Die toenemende dualisering van de marktlonen heeft als gevolg dat alleen door een steeds grotere overheidstussenkomst —via wijzigingen in het fiscale systeem of het sociale systeem— het inkomen van werknemers in de laagste loongroepen toch ‘op peil’ gehouden kan worden.
Noten
(1) De loonstructuurenquête werkt, zoals de naam al aangeeft, met steekproeven. Voor sommige beroepsgroepen is die steekproef redelijk beperkt, wat van jaar tot jaar tot buitengewoon grote schommelingen kan leiden. Om dit op te vangen, maken we voor de volgende oefening gebruik van driejaarlijkse gemiddelden. We volgen hierbij het Steunpunt Werk dat, om op basis van dezelfde gegevens het aantal tewerkgestelde personen binnen een bepaalde beroepsgroep te berekenen, ook gebruik maakt van driejaarlijkse gemiddelden.
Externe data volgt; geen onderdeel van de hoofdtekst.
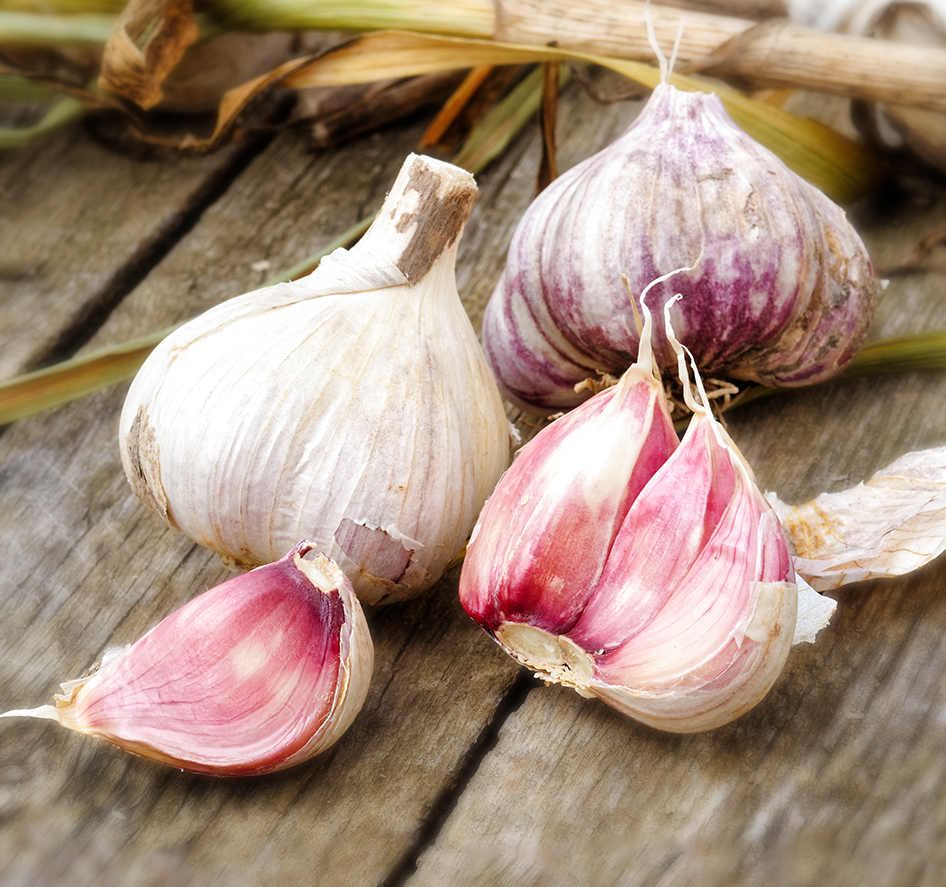 Pflanzknoblauch Germidour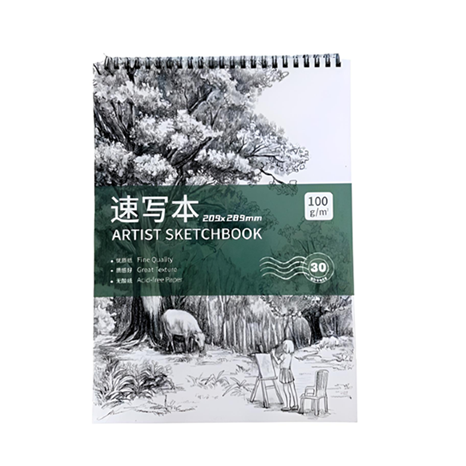 Sketch Book Artist Ref C0576
A4,30 sheets 100gsm
MeliMelo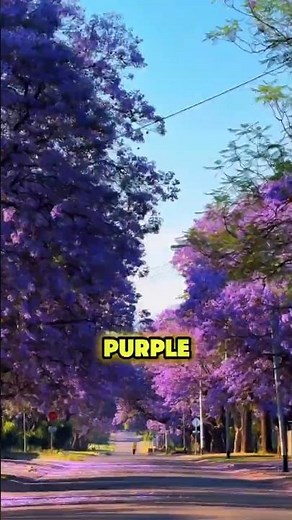 The Jacaranda Tree Turns Entire Cities Purple! #jacaranda #jacarandatree #jacarandaseason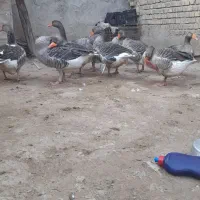 ۹عدد غاز سالم وتخم گذار|حیوانات مزرعه|سوسنگرد, |دیوار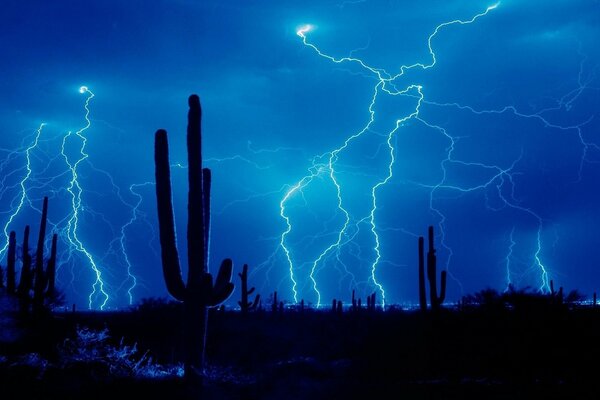 Fulmine di notte. Pioggia e tempesta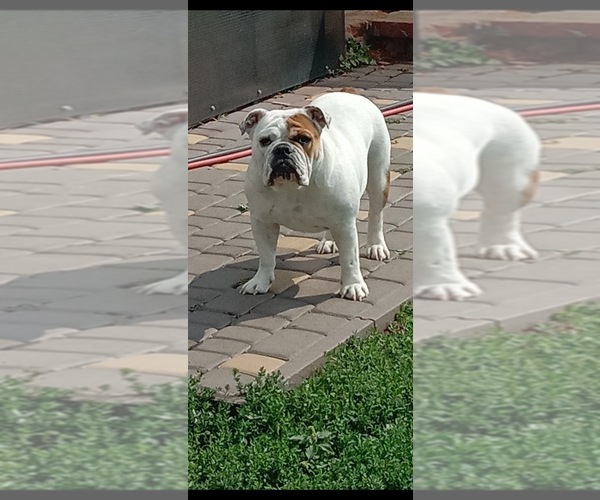 Medium Photo #1 English Bulldog Puppy For Sale in Balakliya, Kharkiv, Ukraine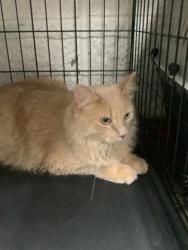 Shelter Stray Male Cat last seen , , TX, 355 Hillshire Dr, Haslet, TX 76052, USA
(2) De achtste beroepsklasse, gevormd door landbouwers en vissers, is in de loonstructuurenquête niet meegenomen. Onderwijzers en docenten enerzijds, en artsen en hoger gekwalificeerd gezondheidszorgpersoneel, die worden gerekend tot de tweede beroepsklasse, zijn ook niet meegenomen in de enquête, net zomin als ondersteunend gezondheidszorgpersoneel, die tot de derde beroepsklasse behoren.